» **Action item**:
Beginning with the line that holds "Note: not a" and ending with the last line below, please copy every line exactly, add nothing, and leave out the pictures.

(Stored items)
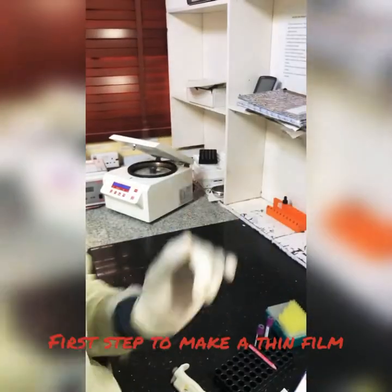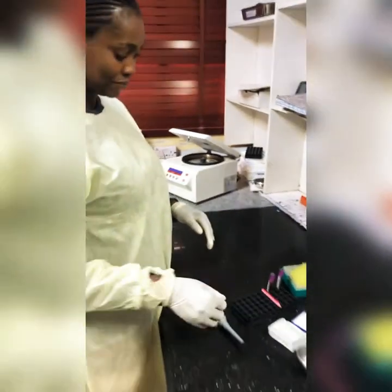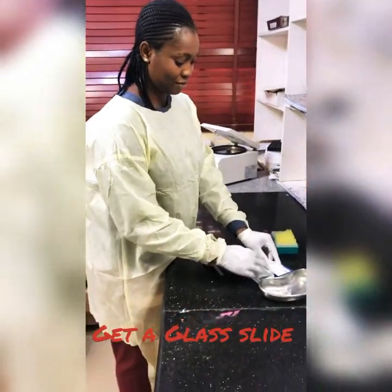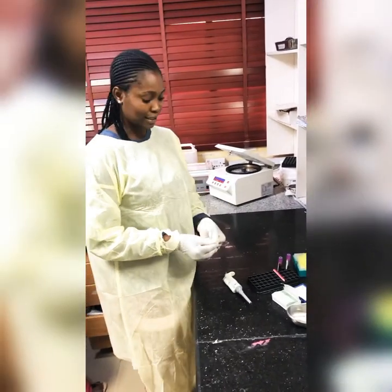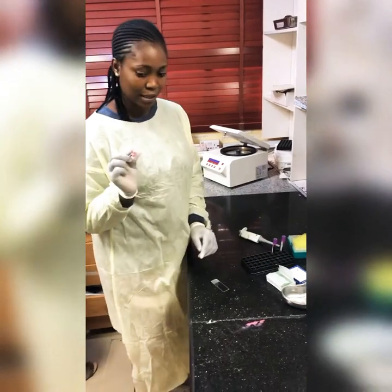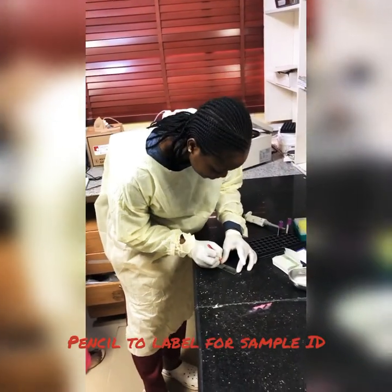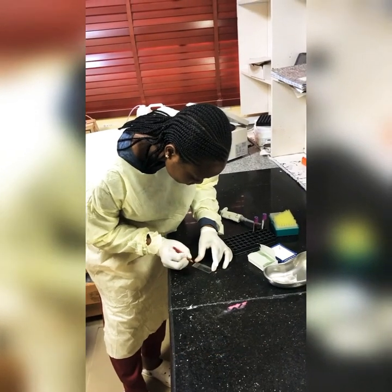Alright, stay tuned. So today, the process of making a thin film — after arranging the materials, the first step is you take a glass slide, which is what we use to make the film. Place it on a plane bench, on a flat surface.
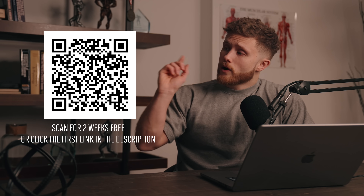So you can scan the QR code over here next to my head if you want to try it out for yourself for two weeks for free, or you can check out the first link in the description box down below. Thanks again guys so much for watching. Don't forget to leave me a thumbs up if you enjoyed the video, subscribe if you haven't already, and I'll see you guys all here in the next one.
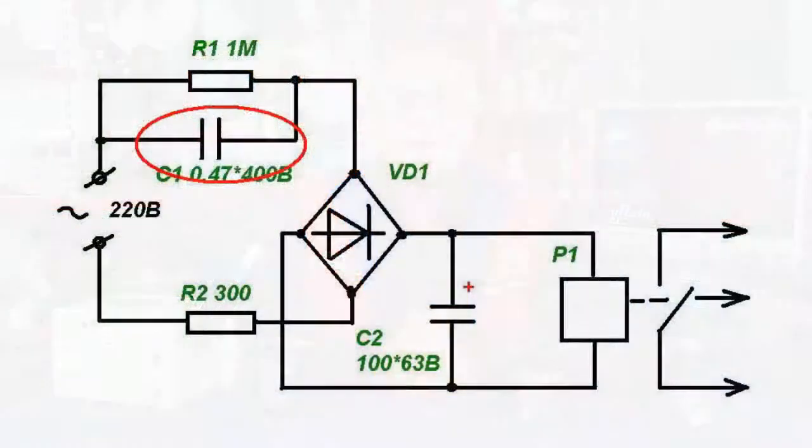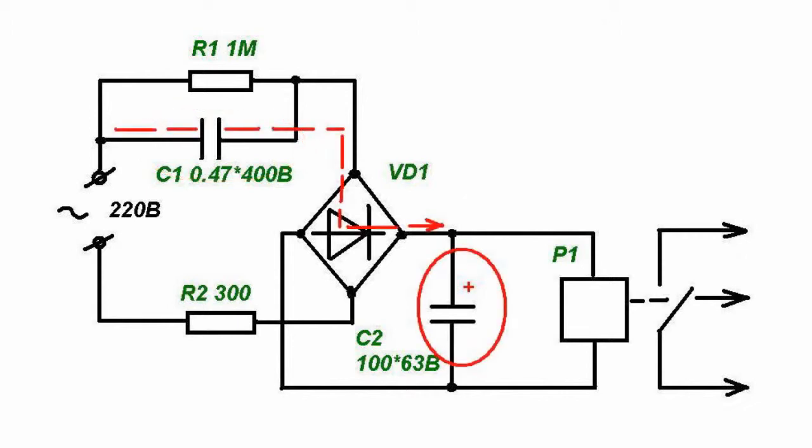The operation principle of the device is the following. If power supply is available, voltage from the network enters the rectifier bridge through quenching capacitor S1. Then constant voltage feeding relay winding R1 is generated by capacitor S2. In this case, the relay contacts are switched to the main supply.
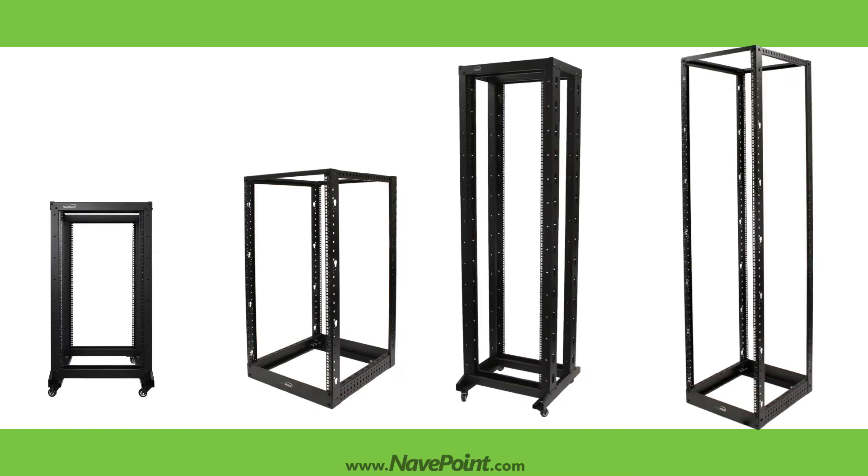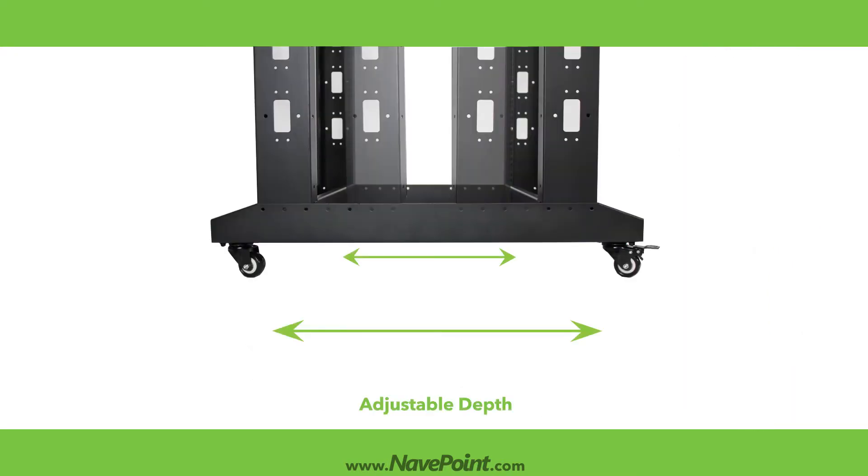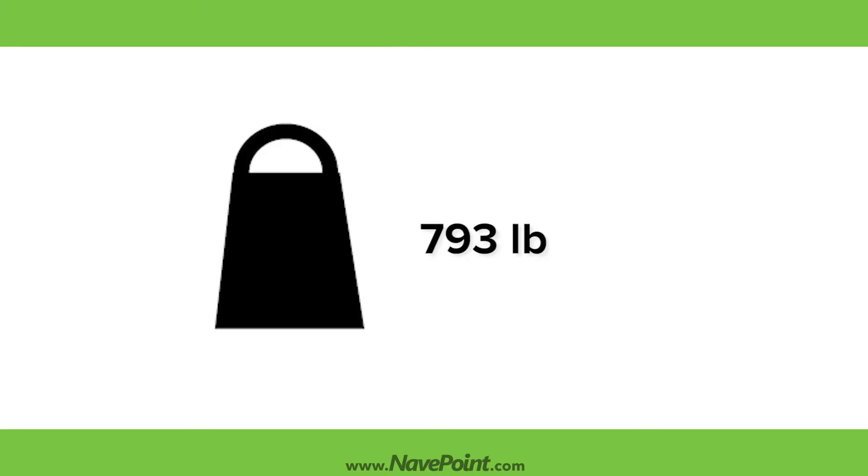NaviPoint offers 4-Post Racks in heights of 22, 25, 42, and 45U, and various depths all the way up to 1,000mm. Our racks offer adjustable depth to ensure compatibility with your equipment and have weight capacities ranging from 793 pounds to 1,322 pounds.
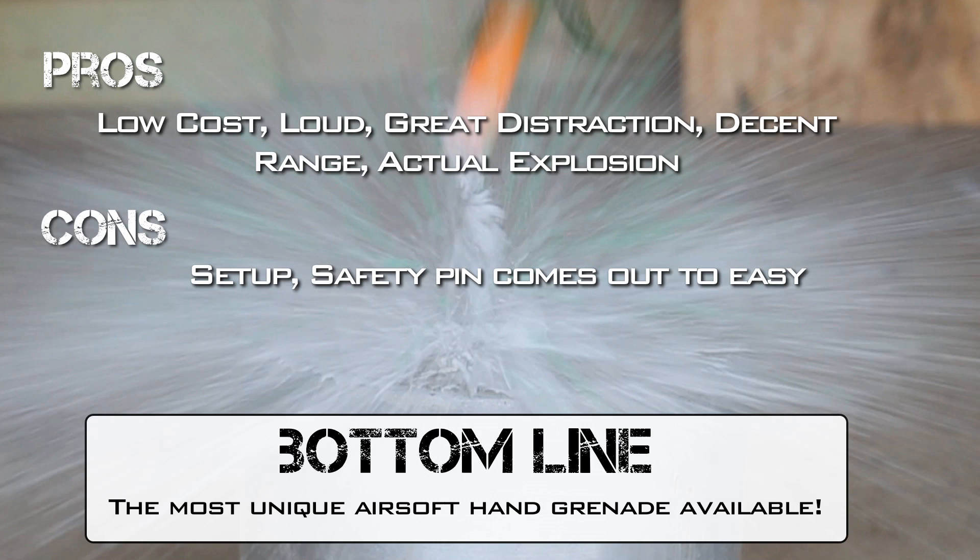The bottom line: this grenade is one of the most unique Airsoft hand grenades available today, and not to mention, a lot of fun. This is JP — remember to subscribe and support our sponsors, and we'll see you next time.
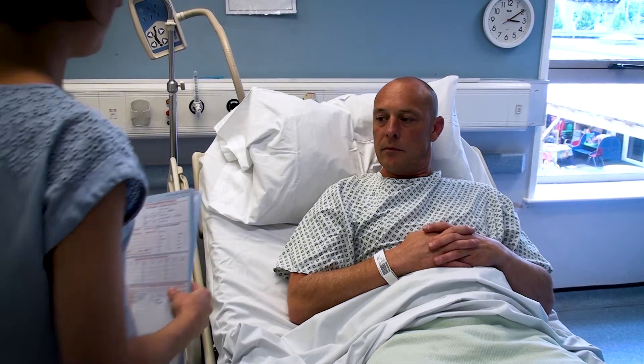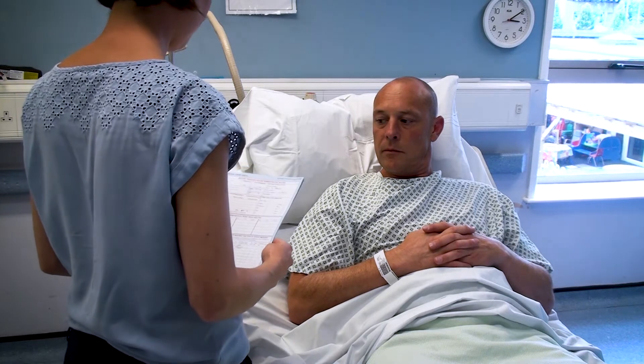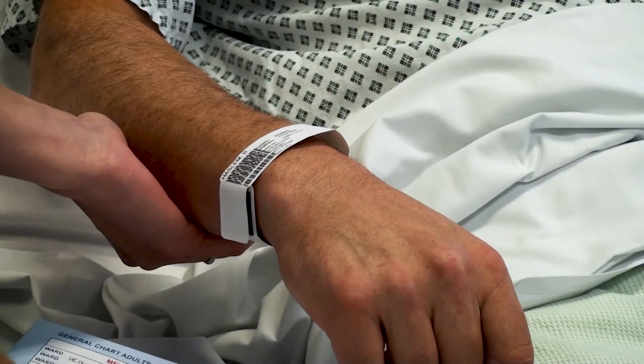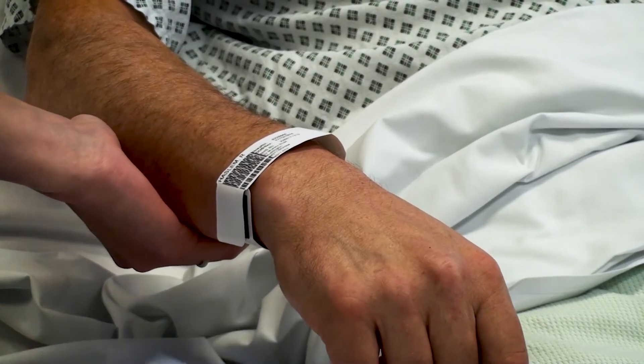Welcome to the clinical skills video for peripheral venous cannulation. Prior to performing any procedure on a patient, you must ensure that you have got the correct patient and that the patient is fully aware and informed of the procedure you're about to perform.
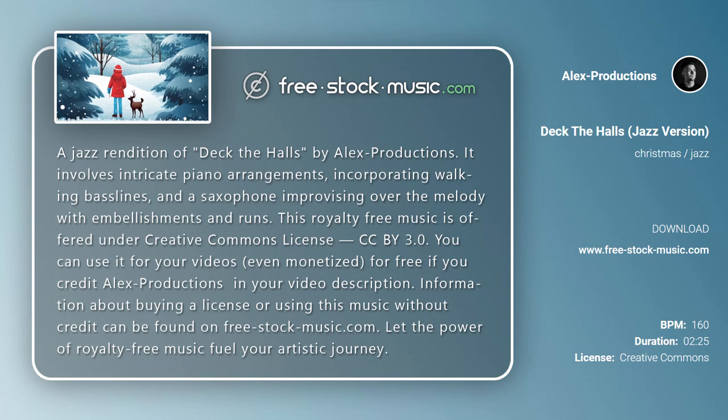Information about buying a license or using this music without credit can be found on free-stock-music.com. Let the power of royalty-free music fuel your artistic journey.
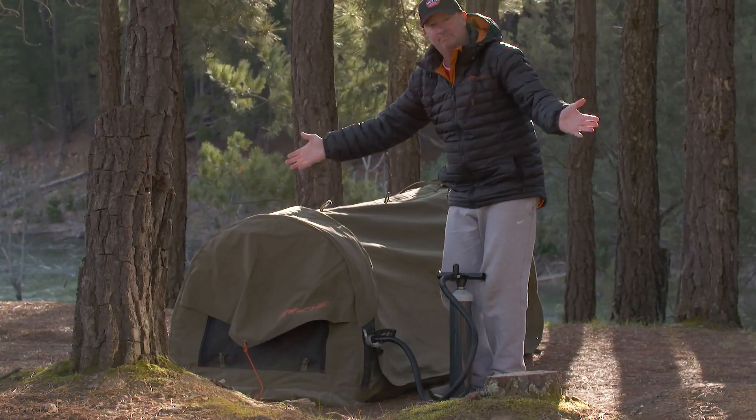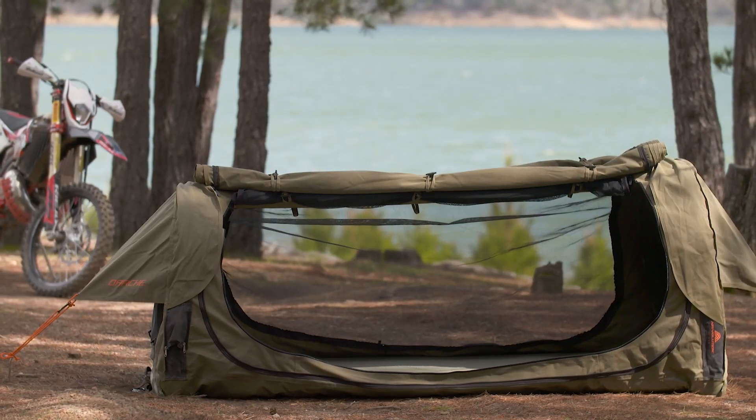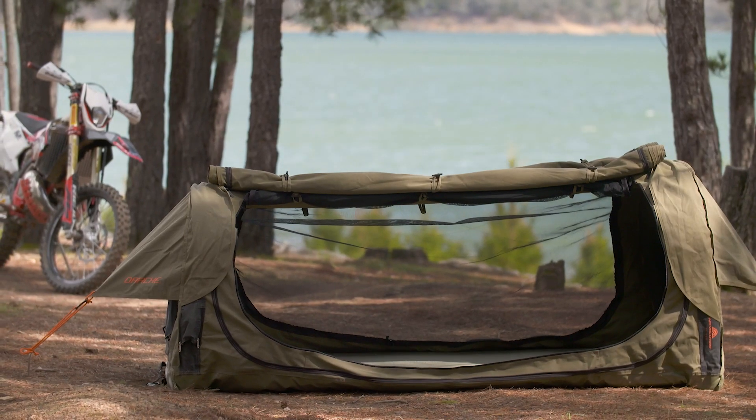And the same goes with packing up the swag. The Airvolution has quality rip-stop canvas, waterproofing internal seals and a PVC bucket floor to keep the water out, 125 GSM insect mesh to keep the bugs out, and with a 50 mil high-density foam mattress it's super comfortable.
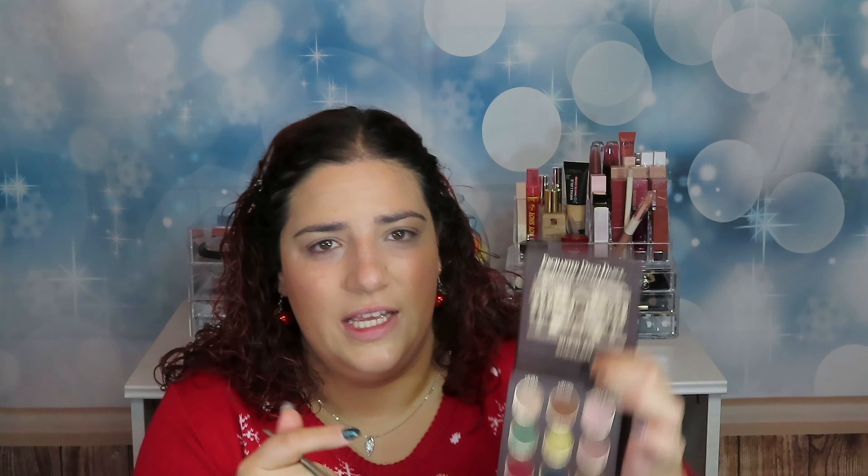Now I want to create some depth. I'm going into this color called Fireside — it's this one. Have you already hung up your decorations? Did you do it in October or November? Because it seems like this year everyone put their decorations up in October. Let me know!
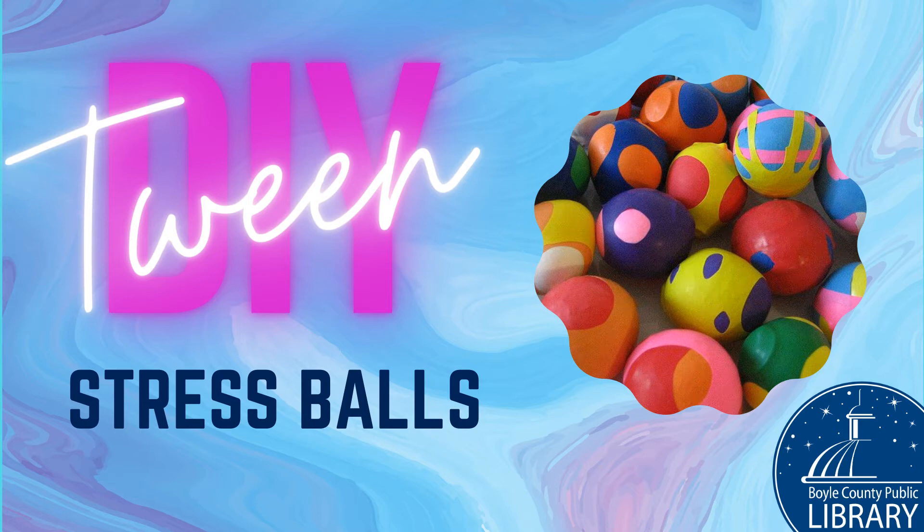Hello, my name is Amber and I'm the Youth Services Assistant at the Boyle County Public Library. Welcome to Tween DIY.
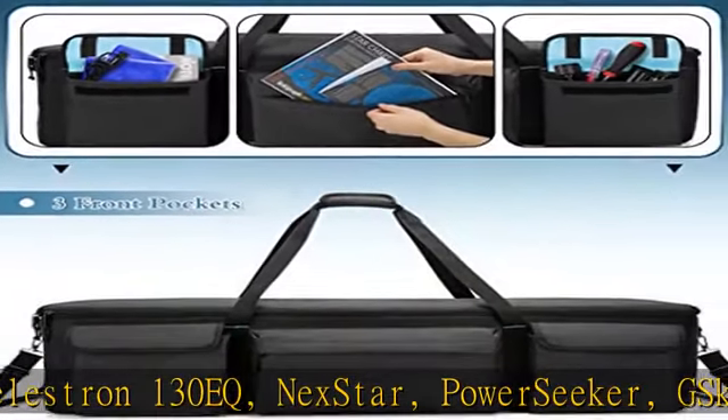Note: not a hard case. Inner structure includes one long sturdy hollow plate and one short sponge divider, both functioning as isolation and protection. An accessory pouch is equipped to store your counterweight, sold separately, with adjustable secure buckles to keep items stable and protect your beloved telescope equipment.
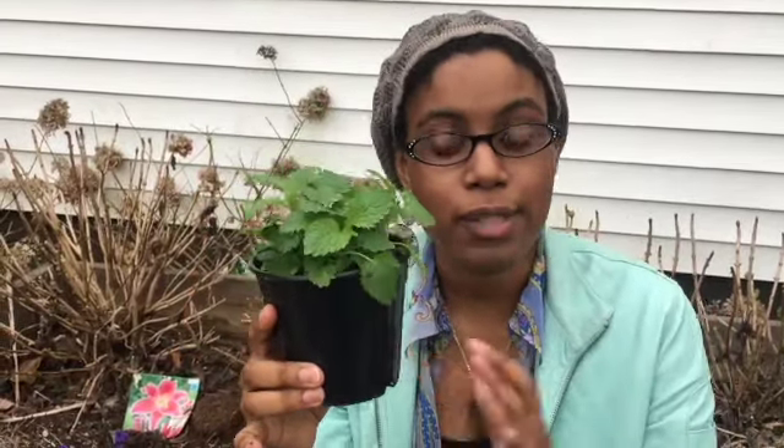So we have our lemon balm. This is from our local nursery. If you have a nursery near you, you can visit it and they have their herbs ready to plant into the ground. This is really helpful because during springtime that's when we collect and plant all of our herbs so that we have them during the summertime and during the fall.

» **Solution to this task**:
Note: not a hard case. Inner structure includes one long sturdy hollow plate and one short sponge divider, both functioning as isolation and protection. An accessory pouch is equipped to store your counterweight, sold separately, with adjustable secure buckles to keep items stable and protect your beloved telescope equipment.
So we have our lemon balm. This is from our local nursery. If you have a nursery near you, you can visit it and they have their herbs ready to plant into the ground. This is really helpful because during springtime that's when we collect and plant all of our herbs so that we have them during the summertime and during the fall.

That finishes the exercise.